#### YOUR GOAL
Pictures excluded, retype the lines from the one containing "stack of newborn" through the last line of the data below, both included.

#### Captioned web images

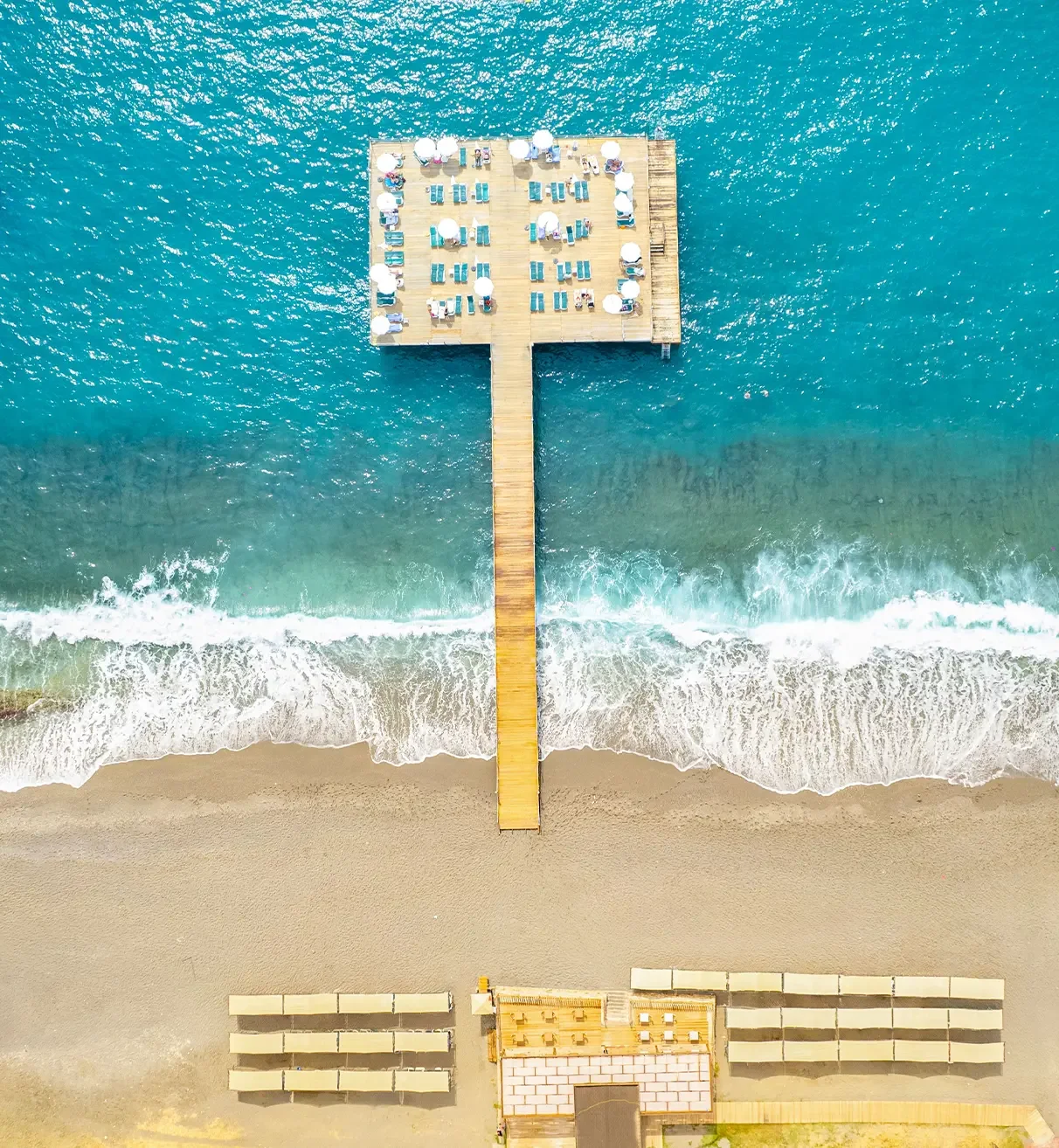 Aerial view of the sandy Mahmutlar beach and Grand Santana sunbathing pier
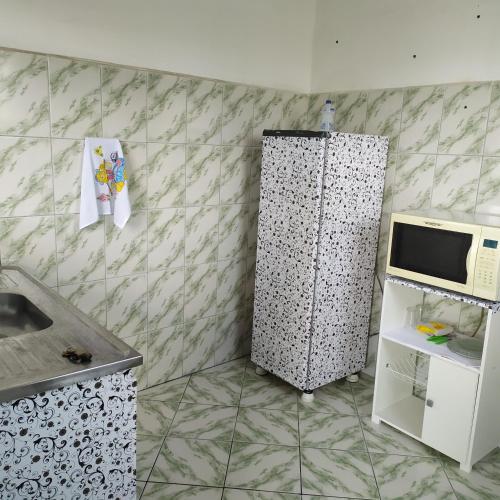 Kuchyň nebo kuchyňský kout v ubytování Quarto Duplo Confort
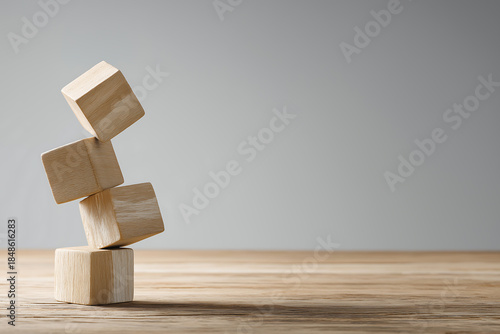 A pile of unstable wooden blocks symbolizes a structure or business building that is at risk.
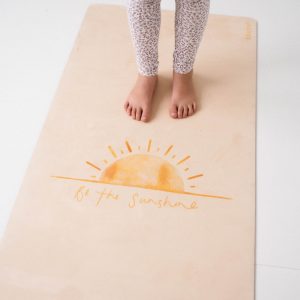 Be the Sunshine pilates mat with feet standing on it
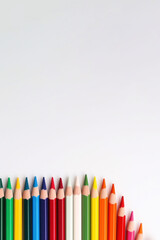Fototapeta premium A group Colored pencils row on white background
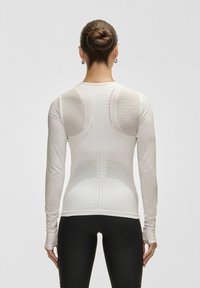 Långärmad, åtsittande topp i ljuskräm med ventilerande mesh-paneler, strukturerad design och en slät finish, i kombination med svarta leggings.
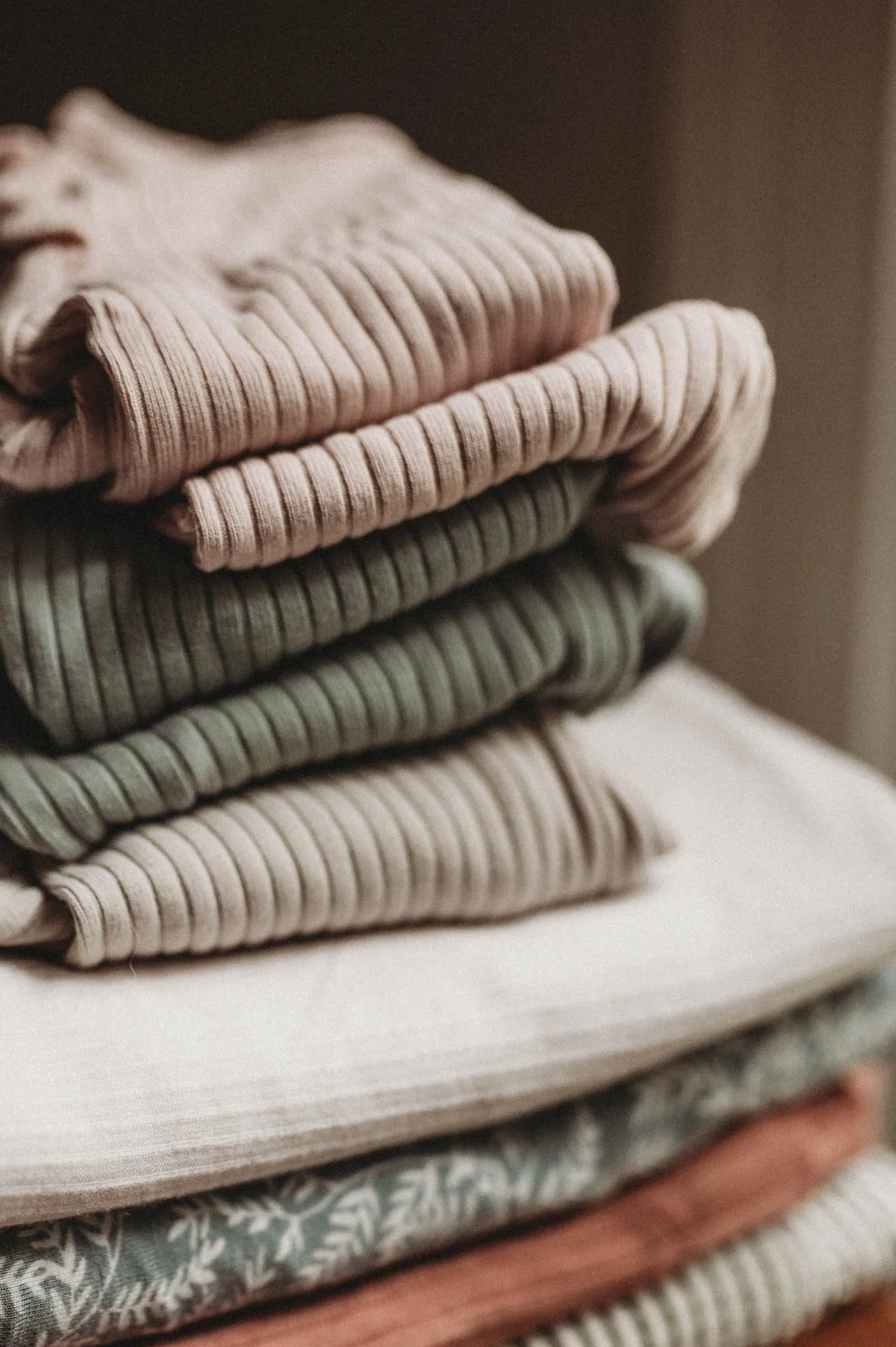 stack of newborn outfits and blankets in muted colors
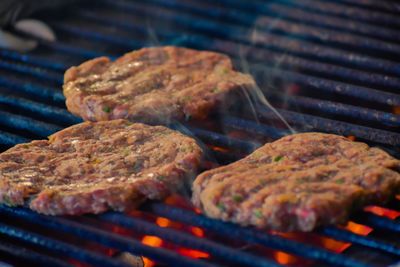 Close-up of meat on barbecue grill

#### TASK OUTPUT
 stack of newborn outfits and blankets in muted colors
 Close-up of meat on barbecue grill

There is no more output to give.